It's time to fix 457 plans for public employees - or replace them with 401(k) plans.
The Orange County, Calif., disaster has highlighted the major flaw in the 457 plan concept. Even though the assets represent deferred compensation, they in effect belong to the plan sponsor until the employee actually retires or leaves the employer.
This flaw has thousands of public employees in 457 plans around the country worried about the safety of their accounts. Some have stopped contributing to their 457 plans.
In the case of Orange County, employee participants seem likely to lose 22% or even more of their account balances.
The assets of the $80 million Orange County Deferred Compensation Fund were managed by Robert L. Citron, who resigned as Orange County treasurer in December after the sensational losses were revealed. His overleveraging of a short-term investment program led the county into bankruptcy, which has entangled the assets of the fund.
Orange County officials seized 10% of the assets of the 457 plan in connection with the county's Chapter 9 bankruptcy proceeding. But the percentage loss could rise to at least 22% for all employees in the plan depending on the outcome of bankruptcy litigation, county labor leaders say (see story on page 33).
This is inexcusable. The Orange County employees have lost a good part of their savings in the deferred compensation plan through no fault of their own. Because of the tax law, the assets must be seen as county assets until each employee retires. But because they are legally county assets, they became part of the assets that will be used to repay the county's creditors in the bankruptcy.
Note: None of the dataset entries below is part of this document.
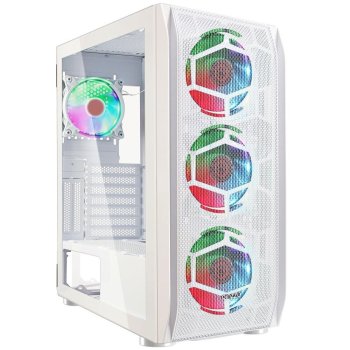 Корпус Ginzzu GL 390 боковая дверца закаленное стекло на петлях на магнитах, controller CRC10, 4* 12R6W FAN 12CM RGB Белый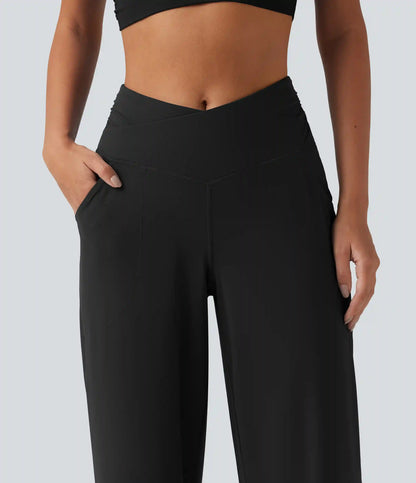 Halara UltraSculpt™ High Waisted Crossover Straight Leg Yoga Pants with Pockets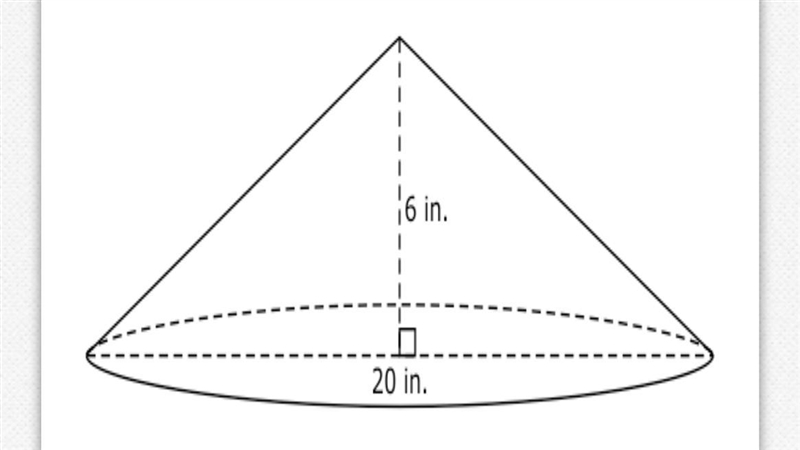 A cone is shown What is the approximate volume of the cone? A. 120 cubic inches B-example-1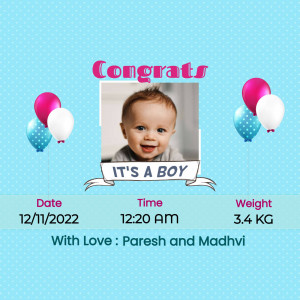 Baby boy announcement with photo, date, time and weight.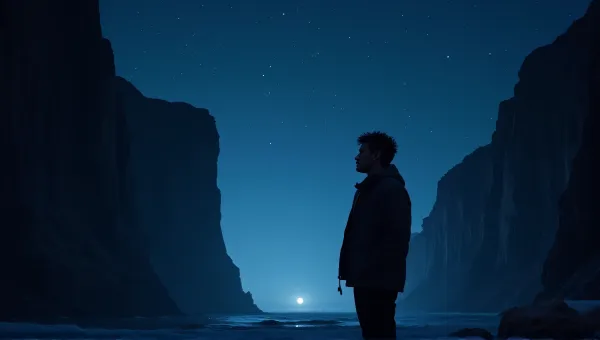 Lone Traveler Beneath Towering Cliffs At Twilight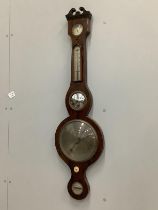 A 19th century Jacob Eames of Bath rosewood wheel barometer, height 96cm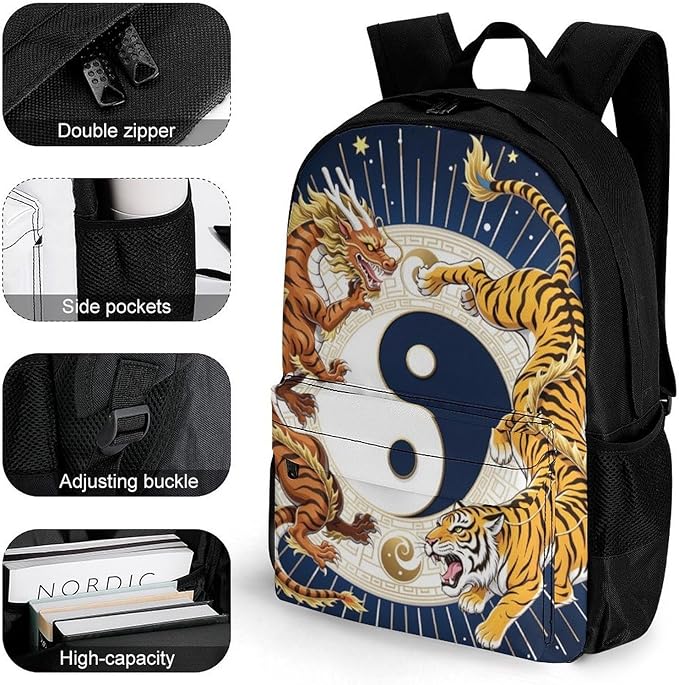 Daypack Backpack Multipurpose Anti-Theft Large Capacity Bookbag, Yin Yang Dragon Tiger Travel Hiking Camping Rucksack With Adjustable Shoulder Straps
Some way must be found for 457 plan assets to be legally segregated from plan sponsor assets so employees are not at risk. Either the law must be changed to provide for segregation of these assets in a trust, separate from sponsor and employees, or the 457 plan must be abolished, and all public employees allowed to participate in the 401(k) plan.
Now, only a few public employees can use 401(k)s. They were grandfathered when tax law changes in the mid-1980s prohibited further public employee 401(k)s.
There is no reason public employees should be relegated to second-class citizen status in a 457 plan while corporate employees can participate in the far safer and more flexible 401(k) plan. Apparently public employee 401(k)s were banned as a revenue raising measure in the tax law revisions, but there is no reason public employees should bear such a burden. It is an inequity.
Further, the Orange County fiscal disaster has harmed the willingness of public employees to save for their retirement through their 457 plans. In effect, it has weakened one of the legs of the proverbial three-legged retirement stool.
Congress should not waste its time trying to harness derivatives in a misguided attempt to prevent future Orange County fiscal disasters. Derivatives, afterall, played almost no role in causing the disaster.
Rather, if it wants to make something positive emerge from the Orange County situation, Congress can correct the 457 plan flaws.
It can do so either by allowing 457 assets to be segregated in trusts, or by restoring the right of public employees to participate in 401(k) plans.
The time to act is now - before long-lasting damage is done to public employees' faith in 457 plans or other employer-sponsored savings vehicles.